[Exercise material Boundary: Start]
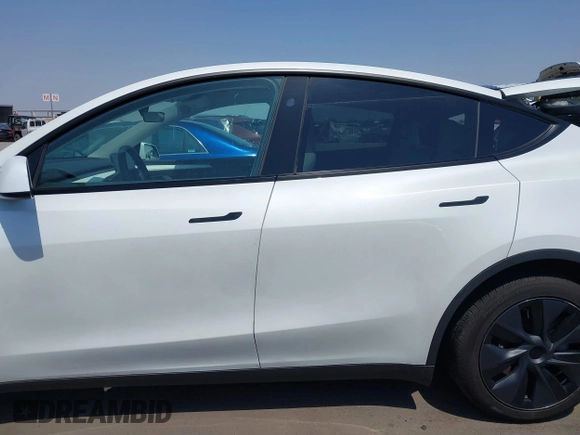 2024 Tesla Model Y with VIN 7SAYGDED8RF201955, listed as a IAAI auction lot 42700483 with 11,898 mi miles and . Bid and sale history available at DreamBid. Image 15.
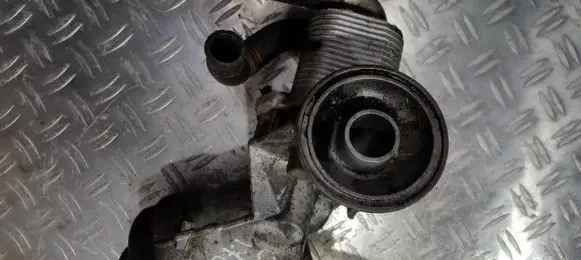 Honda Civic Oil filter cover 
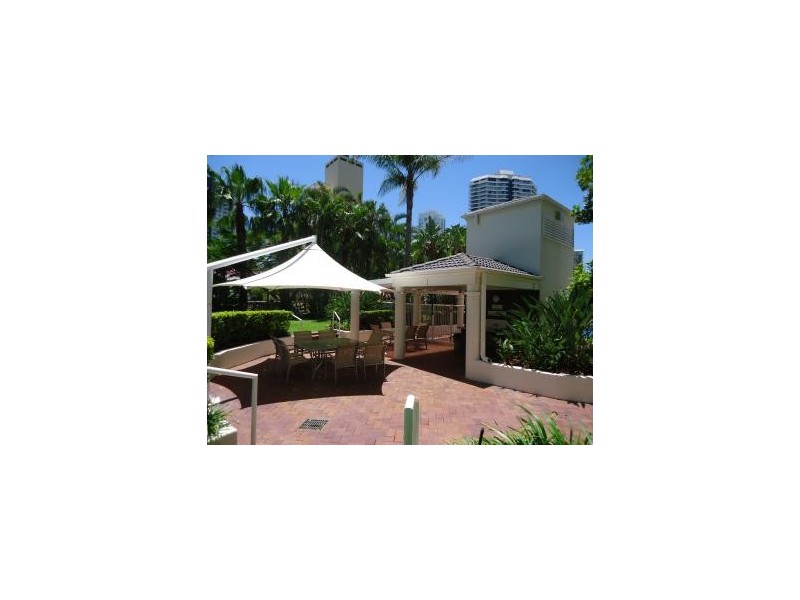 23/15-21 Breaker Street, Main Beach QLD 4217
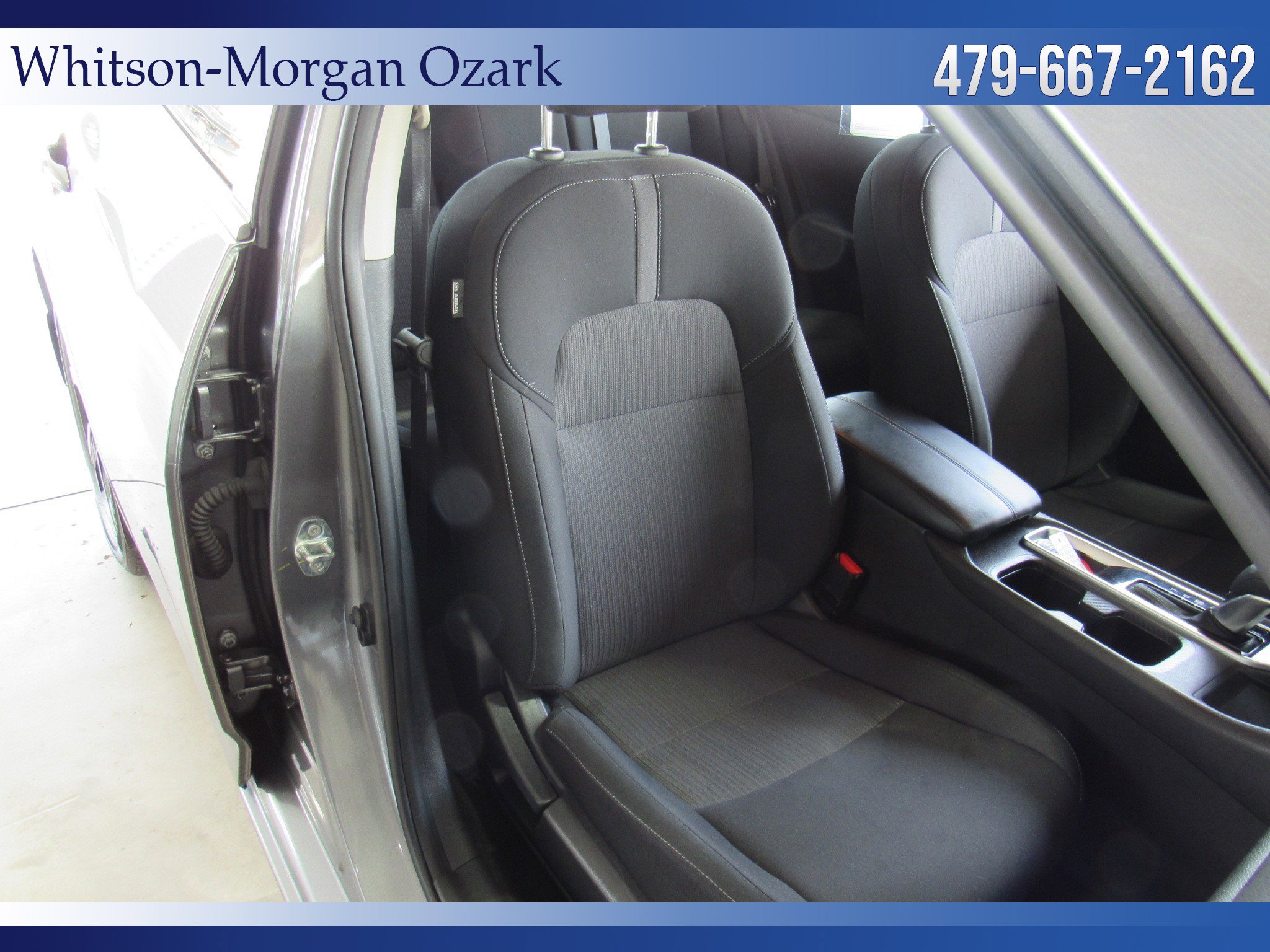 Used 2025 Nissan Sentra SV w/ Trunk Package image 28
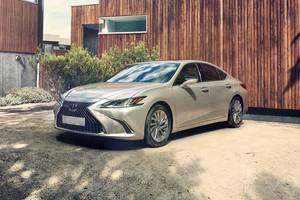 Lexus Cars Price In India New Lexus Car Models 21 Photos Specs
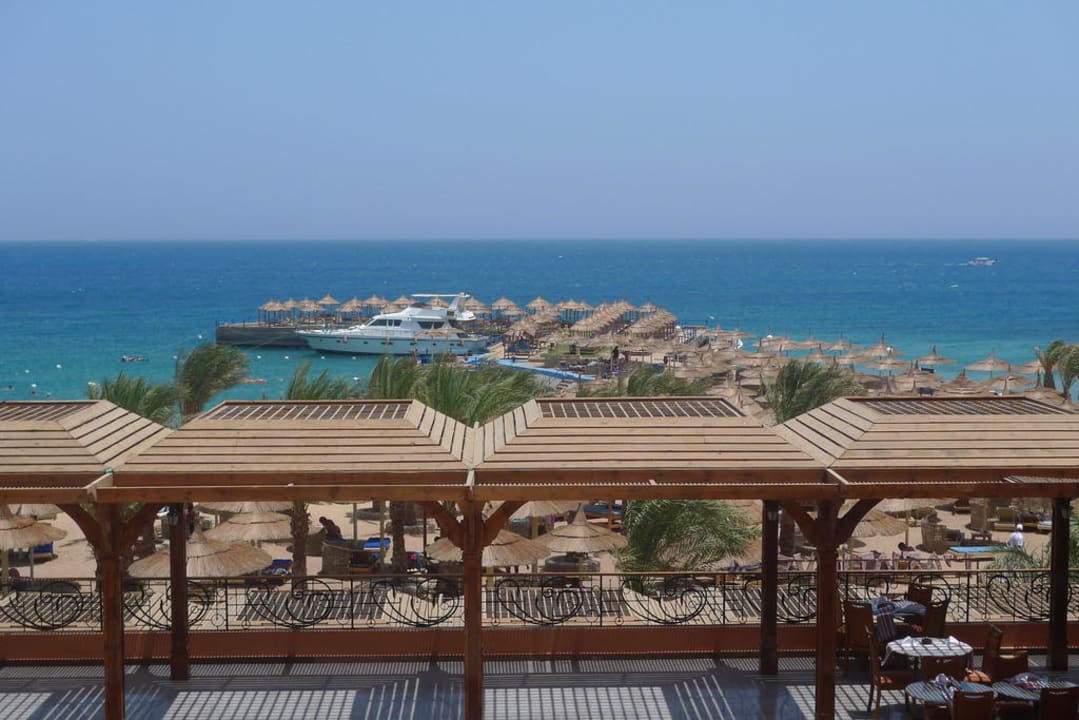 Blick vom Zimmerbalkon aufs Meer Beach Albatros Resort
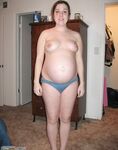 Pregnant amateur wife nude at home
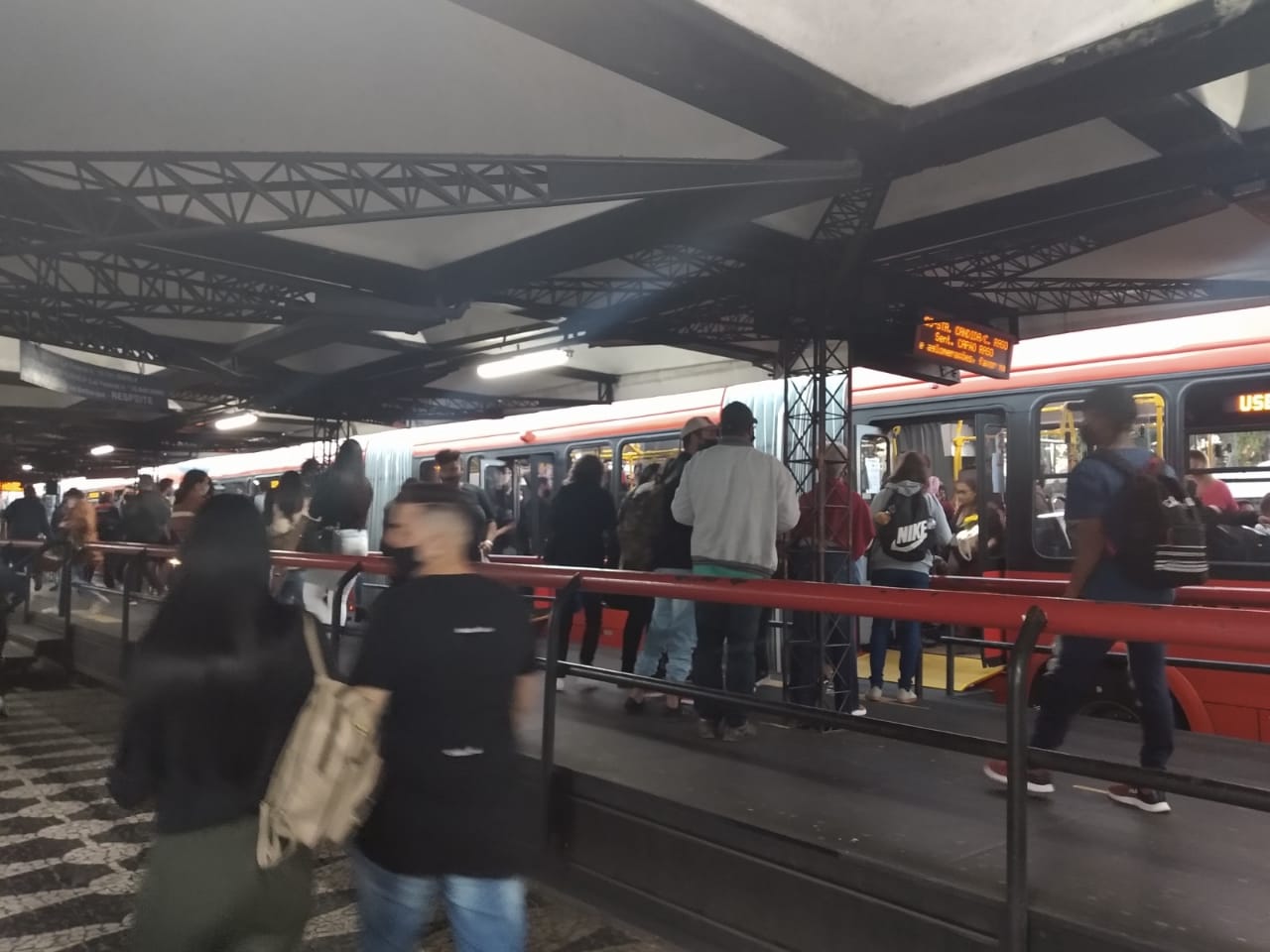 Ônibus seguem cheios, mas Urbs contesta superlotação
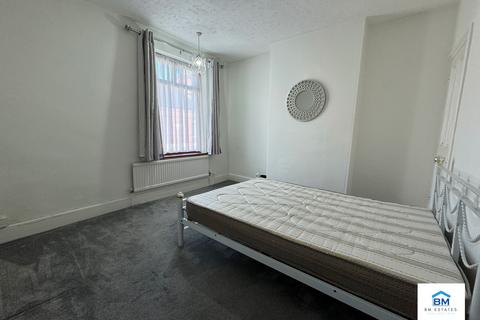 2 bedroom end of terrace house for sale, Gedding Road, Leicester LE5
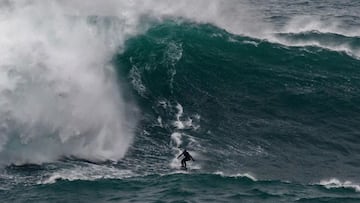 El surfista británico Andrew Cotton surfeando una ola gigante en O Portiño (A Coruña, Galicia, España), donde se celebrará el campeonato de España de surf de olas grandes.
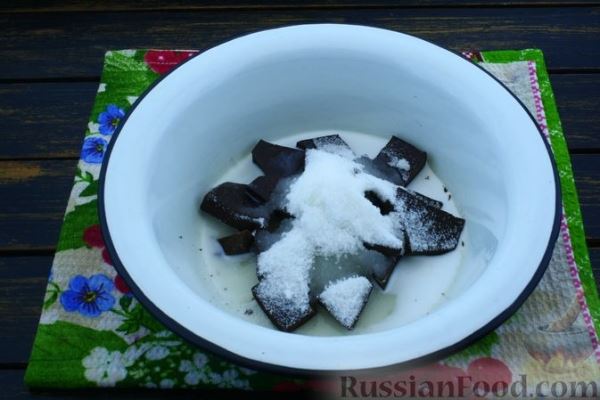 Желейный шоколадно-сливочный рулет с кокосовой стружкой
[Exercise material Boundary: End]
**What this task involves**
Print again, word for word, every line from the line with "Blick vom Zimmerbalkon" to the final line of the records, inclusive; skip the pictures.

**Final answer**
 Blick vom Zimmerbalkon aufs Meer Beach Albatros Resort
 Pregnant amateur wife nude at home
 Ônibus seguem cheios, mas Urbs contesta superlotação
 2 bedroom end of terrace house for sale, Gedding Road, Leicester LE5
 El surfista británico Andrew Cotton surfeando una ola gigante en O Portiño (A Coruña, Galicia, España), donde se celebrará el campeonato de España de surf de olas grandes.
 Желейный шоколадно-сливочный рулет с кокосовой стружкой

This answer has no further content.